2

I'm working on a project that aims to simplify writing assemblies dynamically, and one thing I've been trying to work out is how to sign the assembly with a strong name, without relying on a secondary program to construct the strong name (such as sn.exe). The documentation mentions that it uses SHA1 as a hash algorithm, but as to how you set the strong name properly, I haven't been able to deduce yet.

I've tried creating a strong name with a SHA1 result from a random byte-array, but in setting the PublicKey and PublicKeyToken to what it implies (the public key is the hash of the byte array I created, or the byte-array I created) and setting the public key token to the last eight bytes of the SHA hash, I get errors when calling the AssemblyBuilder.Save() method.
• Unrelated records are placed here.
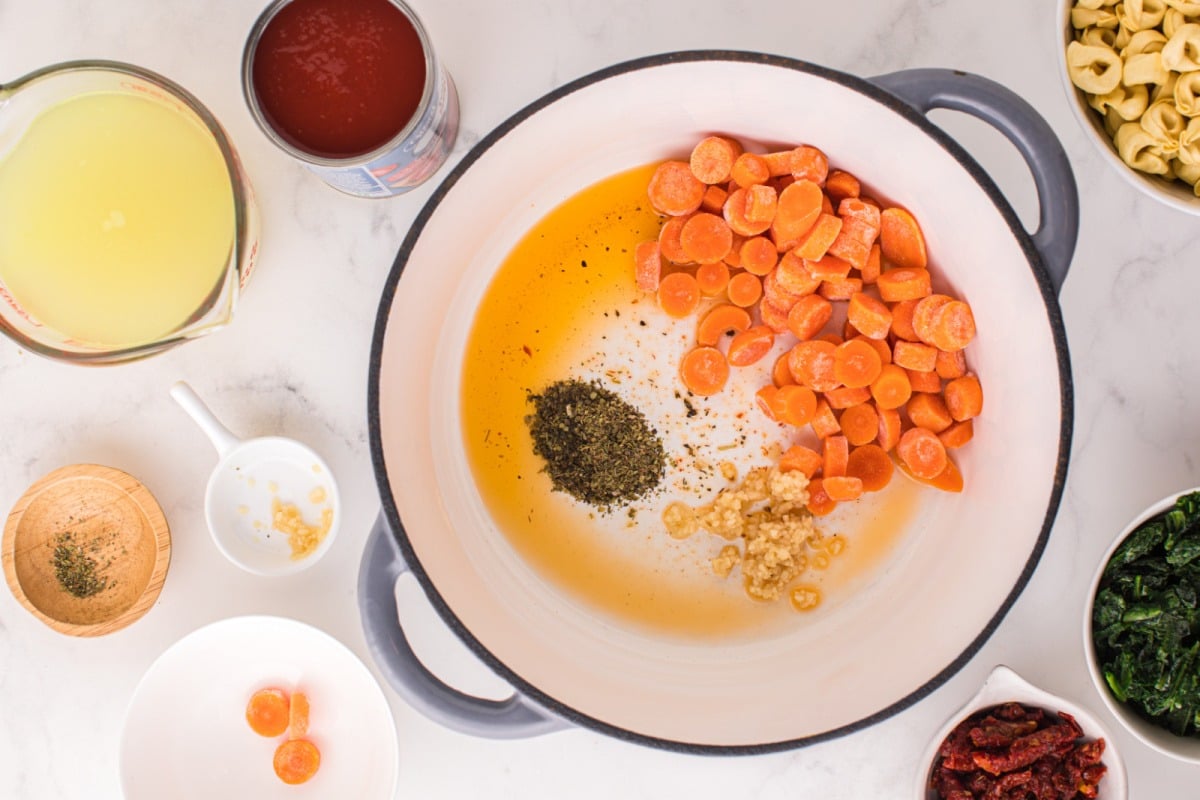 carrots, minced garlic, and Italian seasoning in a pot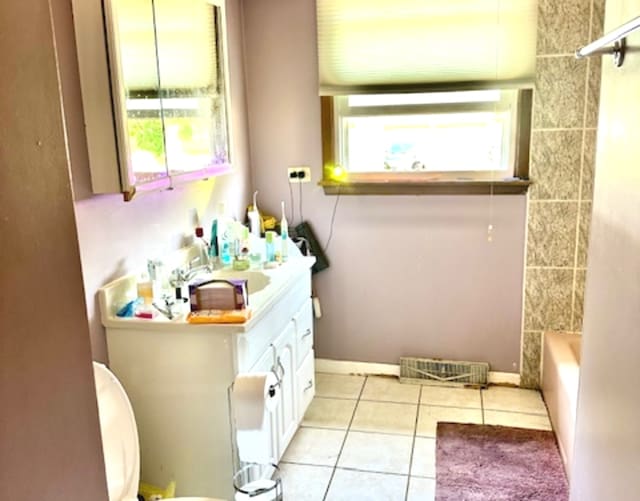 bathroom featuring tile patterned floors, toilet, plenty of natural light, and vanity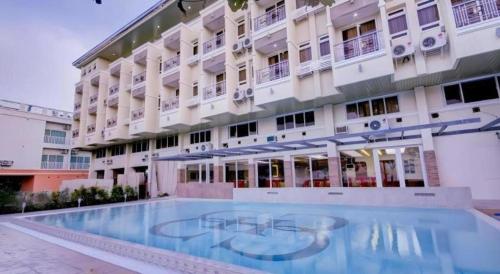 a hotel with a swimming pool in front of a building at Subic Grand Harbour Hotel Subic Bay in Olongapo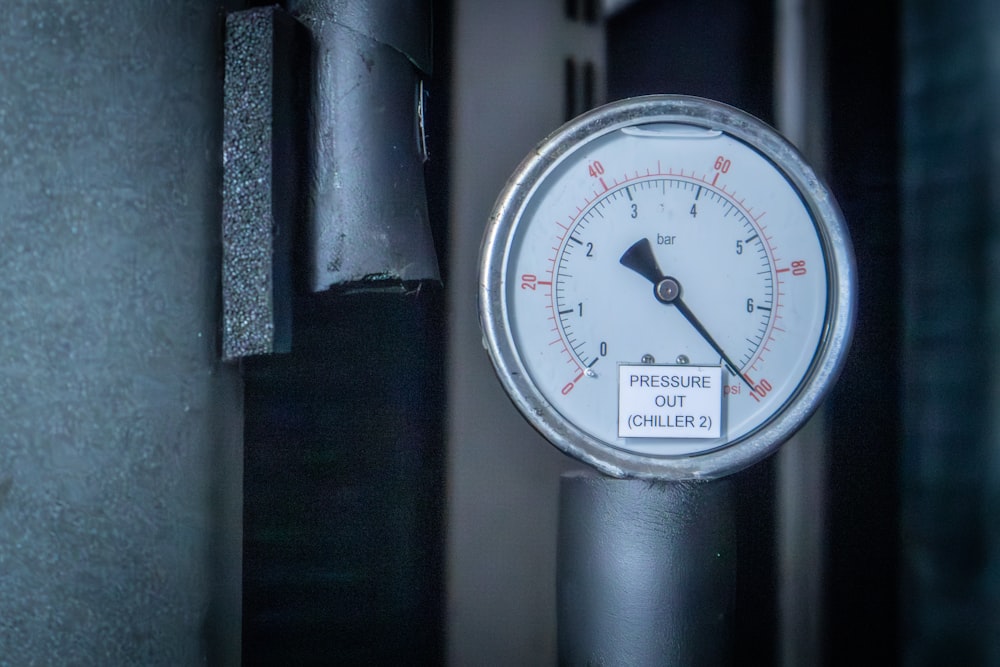 a pressure gauge attached to a pipe in a room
Every time I get an exception saying the public key is invalid. Is there something I've missed in this?

Thanks in advance.

  • How are you creating the private key for signing? – Jason Malinowski Jan 13 '12 at 21:09
  • http://lhq.rpgsource.net/text/CreatingThePublicKey.html <-- That, using the Item1 or Item2 as the PublicKey via AssemblyName.SetPublicKey(byte[]), and setting the PublicKeyToken via AssemblyName.SetPublicKeyToken(byte[]) using Item3 of the tuple. – Allen Clark Copeland Jr Jan 13 '12 at 21:28

3 Answers3

3

You could try using the ICLRStrongName interface. There's no managed API to do the same thing, so you'll have to use P/Invoke to call them from your managed assembly. I imagine it'd be a whole lot easier just to call the Strong Name Tool from your program with custom switches rather than re-implementing it, but the unmanaged API would be one way to go if you definitely don't want to use the sn.exe.

keyboardP
  • 68,824
  • 13
  • 156
  • 205
  • Could you explain how I would go about obtaining this interface? From my research previously into the managed reflection API, I'm not sure where you'd get the MsCorEE.dll, other than building it yourself. I'm a hobbyist born from a managed world, so C++'s structure is quite irksome, in my view, to work with. – Allen Clark Copeland Jr Jan 13 '12 at 21:24
  • **Addendum** Nevermind, the Mscoree.dll interfaces are included via mscoree.tlb in the Windows Kit, 8.0, in the 'Windows Kits\8.0\Lib\win8\um\x86 directory'. I'll check to see how I'll use this interface, and report the results. – Allen Clark Copeland Jr Jan 13 '12 at 21:32
  • I'm not familiar with the API myself, but this post (and the one it links to in the first line) might help even if it is quite old http://blogs.msdn.com/b/shawnfa/archive/2004/06/18/159711.aspx – keyboardP Jan 13 '12 at 21:36
  • Thanks, I'm going through and building a managed wrapper around the ICLRStrongName interface right now, I'll post back with the results once I've got more to tell. – Allen Clark Copeland Jr Jan 13 '12 at 21:52
1

Public strong name keys aren't random bytes. They're an RSA key, meaning that those bytes must be of a certain form (a modulus that is a semi-prime and an exponent). To generate a key, I'd follow keyboardP's advice and use the ICLRStrongName interface to generate public keys properly.

Jason Malinowski
  • 18,148
  • 1
  • 38
  • 55
1

Strong names use RSA public/private key pairs.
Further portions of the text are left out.